There’s no question that Buffett worked damn hard to develop his business acumen. But he’s the first to admit that he was lucky to have been born in a time and a place that rewarded his passion.
I feel the same way about my own success. Yes, I’ve worked hard. I’ve spent far more than 10,000 hours blogging about life and money. But I’ve also been lucky, and in any number of ways. How strange is it that I came along at just the right time with just the right skills? I was a computer-geek psychology major who loved to write and was deep in debt. From these four factors, I was able to build Get Rich Slowly into something far more than I expected.
Again, success is the sum of environment plus effort.
Helping Others Succeed
It’s oft been said that “success is what happens when opportunity meets preparation”. That’s essentially the entire lesson of Gladwell’s Outliers. At the end of the book, he writes:
Everything we have learned in Outliers says that success follows a predictable course. It is not the brightest who succeed…Nor is success simply the sum of the decisions and efforts we make on our own behalf. It is, rather, a gift. Outliers are those who have been given opportunities — and who have had the strength and presence of mind to seize them.

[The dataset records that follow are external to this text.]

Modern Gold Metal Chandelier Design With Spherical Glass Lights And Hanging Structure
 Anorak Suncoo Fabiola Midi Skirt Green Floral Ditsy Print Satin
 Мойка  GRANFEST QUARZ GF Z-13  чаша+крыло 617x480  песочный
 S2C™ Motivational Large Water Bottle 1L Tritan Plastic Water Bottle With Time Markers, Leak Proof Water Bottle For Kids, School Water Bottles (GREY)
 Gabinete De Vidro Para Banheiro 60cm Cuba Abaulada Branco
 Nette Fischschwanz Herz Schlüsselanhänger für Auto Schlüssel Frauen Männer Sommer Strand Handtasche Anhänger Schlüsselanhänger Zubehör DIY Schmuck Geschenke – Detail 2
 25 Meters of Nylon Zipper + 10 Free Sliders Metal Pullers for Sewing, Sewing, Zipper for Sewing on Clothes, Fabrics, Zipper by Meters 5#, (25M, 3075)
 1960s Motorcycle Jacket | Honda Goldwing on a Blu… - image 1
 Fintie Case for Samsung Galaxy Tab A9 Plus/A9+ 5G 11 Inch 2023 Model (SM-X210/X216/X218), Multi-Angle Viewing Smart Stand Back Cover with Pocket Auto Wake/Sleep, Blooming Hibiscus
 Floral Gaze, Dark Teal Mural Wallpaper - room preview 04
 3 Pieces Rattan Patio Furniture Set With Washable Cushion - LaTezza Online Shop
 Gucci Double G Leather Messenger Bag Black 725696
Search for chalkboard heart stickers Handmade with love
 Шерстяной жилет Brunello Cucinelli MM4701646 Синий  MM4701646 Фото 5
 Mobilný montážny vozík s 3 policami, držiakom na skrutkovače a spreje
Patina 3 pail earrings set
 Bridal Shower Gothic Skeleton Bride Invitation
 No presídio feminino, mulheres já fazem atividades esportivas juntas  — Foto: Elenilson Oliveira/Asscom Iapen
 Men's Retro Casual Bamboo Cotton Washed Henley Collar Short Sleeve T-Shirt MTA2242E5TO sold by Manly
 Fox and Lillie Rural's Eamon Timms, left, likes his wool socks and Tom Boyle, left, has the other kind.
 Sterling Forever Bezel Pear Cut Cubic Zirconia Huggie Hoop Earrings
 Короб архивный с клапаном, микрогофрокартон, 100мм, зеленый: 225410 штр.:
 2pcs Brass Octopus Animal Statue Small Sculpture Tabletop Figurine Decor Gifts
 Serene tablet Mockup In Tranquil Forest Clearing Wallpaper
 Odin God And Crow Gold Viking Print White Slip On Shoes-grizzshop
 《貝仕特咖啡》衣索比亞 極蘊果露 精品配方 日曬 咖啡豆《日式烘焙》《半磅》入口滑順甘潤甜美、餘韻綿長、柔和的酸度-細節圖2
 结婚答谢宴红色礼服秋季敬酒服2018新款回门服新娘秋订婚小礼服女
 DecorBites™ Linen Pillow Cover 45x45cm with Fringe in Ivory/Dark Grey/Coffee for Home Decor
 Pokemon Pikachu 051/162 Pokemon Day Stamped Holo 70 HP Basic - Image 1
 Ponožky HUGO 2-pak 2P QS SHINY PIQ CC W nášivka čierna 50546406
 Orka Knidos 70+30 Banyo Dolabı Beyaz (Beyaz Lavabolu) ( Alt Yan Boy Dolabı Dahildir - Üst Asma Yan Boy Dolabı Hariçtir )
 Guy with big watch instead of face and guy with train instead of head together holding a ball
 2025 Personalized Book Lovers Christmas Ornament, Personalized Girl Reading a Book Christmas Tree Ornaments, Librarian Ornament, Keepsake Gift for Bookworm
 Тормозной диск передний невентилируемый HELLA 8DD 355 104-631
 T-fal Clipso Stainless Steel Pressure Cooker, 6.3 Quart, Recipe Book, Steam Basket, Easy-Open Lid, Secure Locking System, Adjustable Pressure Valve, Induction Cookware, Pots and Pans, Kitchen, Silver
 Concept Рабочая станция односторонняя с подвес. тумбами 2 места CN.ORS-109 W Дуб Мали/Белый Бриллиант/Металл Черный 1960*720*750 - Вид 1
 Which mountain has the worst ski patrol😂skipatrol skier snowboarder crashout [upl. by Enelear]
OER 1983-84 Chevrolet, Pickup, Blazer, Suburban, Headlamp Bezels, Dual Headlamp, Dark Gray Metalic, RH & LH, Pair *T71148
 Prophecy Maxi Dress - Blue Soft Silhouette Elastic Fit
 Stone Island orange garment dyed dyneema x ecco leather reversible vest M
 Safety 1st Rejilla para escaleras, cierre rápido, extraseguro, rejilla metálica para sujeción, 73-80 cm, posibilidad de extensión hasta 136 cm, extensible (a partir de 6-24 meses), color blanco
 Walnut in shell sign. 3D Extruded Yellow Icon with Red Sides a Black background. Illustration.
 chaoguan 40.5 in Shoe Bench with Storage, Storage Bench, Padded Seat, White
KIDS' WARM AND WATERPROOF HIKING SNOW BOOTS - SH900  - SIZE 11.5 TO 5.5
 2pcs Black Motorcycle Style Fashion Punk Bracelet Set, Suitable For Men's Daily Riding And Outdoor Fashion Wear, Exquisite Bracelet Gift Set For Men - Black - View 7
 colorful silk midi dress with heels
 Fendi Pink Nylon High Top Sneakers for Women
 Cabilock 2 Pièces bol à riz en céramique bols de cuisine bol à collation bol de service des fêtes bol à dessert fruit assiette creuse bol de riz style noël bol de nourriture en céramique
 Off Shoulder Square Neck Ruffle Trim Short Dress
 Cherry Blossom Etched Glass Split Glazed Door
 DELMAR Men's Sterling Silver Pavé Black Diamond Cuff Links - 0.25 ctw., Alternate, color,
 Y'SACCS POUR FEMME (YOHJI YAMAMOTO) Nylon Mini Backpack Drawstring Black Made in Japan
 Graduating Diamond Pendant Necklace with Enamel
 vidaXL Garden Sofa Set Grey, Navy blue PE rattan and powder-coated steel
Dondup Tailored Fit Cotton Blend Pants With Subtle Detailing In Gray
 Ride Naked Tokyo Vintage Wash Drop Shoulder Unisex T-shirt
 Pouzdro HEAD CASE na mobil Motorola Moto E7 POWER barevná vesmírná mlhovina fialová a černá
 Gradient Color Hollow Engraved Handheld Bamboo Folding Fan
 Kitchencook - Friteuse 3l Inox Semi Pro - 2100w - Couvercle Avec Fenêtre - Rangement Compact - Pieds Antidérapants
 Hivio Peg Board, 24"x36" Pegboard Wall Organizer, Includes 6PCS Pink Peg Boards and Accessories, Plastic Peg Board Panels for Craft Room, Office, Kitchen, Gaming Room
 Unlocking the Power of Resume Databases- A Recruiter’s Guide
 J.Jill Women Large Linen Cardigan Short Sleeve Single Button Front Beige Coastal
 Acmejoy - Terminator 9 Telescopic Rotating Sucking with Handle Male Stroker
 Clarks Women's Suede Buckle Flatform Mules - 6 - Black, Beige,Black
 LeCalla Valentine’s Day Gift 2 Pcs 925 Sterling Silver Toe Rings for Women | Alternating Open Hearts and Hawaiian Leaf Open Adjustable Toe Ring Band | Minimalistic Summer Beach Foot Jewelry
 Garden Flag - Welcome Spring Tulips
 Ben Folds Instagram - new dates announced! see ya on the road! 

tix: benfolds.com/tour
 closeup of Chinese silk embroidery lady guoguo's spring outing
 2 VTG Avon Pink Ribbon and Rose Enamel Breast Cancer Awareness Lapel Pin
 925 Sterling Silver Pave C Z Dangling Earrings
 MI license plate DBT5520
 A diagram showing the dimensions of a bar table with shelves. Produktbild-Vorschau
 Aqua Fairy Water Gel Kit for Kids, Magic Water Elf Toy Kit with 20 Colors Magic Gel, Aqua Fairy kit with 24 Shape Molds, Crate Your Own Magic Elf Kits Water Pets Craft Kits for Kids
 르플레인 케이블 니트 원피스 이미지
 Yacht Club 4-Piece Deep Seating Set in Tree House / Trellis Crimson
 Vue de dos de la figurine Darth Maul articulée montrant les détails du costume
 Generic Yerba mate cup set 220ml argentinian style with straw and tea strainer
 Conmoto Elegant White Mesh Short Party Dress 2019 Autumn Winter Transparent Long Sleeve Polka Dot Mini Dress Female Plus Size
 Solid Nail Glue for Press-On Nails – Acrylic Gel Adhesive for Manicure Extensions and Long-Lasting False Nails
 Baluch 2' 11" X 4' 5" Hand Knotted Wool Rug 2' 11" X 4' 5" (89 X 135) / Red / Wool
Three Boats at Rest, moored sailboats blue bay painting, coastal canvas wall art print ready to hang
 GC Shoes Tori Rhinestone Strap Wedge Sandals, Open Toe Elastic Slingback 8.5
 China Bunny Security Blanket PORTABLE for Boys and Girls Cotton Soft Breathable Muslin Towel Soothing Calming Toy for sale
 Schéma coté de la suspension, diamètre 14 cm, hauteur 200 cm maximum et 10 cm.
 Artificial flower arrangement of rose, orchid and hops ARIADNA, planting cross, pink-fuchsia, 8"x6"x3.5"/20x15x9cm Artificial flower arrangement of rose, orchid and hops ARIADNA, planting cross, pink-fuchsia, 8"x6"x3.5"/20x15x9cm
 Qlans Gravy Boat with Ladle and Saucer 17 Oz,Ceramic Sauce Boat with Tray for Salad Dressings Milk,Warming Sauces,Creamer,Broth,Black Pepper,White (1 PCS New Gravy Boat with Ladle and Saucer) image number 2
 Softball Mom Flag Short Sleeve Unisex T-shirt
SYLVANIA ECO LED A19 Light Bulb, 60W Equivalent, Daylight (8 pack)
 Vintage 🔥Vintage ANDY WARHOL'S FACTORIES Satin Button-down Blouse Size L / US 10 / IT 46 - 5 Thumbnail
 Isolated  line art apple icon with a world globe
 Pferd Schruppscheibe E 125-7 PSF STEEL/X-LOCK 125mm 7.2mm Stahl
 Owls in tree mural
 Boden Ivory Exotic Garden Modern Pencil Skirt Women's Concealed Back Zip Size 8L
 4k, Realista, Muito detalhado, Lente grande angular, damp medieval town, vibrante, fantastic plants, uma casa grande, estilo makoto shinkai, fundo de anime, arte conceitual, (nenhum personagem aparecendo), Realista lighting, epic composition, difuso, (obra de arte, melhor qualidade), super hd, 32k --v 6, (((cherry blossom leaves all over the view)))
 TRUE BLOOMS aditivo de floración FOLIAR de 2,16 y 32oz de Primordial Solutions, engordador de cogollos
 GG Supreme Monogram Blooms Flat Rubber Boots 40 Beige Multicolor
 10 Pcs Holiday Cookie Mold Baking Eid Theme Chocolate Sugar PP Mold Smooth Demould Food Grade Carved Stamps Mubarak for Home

This, too, is the core lesson of Luck is No Accident, a great book about making the most of unplanned events.
The moral, my friends, is to work hard and to keep an open mind so that you can take advantage of unexpected opportunities. But there’s another moral, and I think it’s just as important: Whenever possible, open doors for other people. The more chances we give others to succeed, the more likely they are to actually achieve success. Keep dropping keys all night long for the beautiful rowdy prisoners.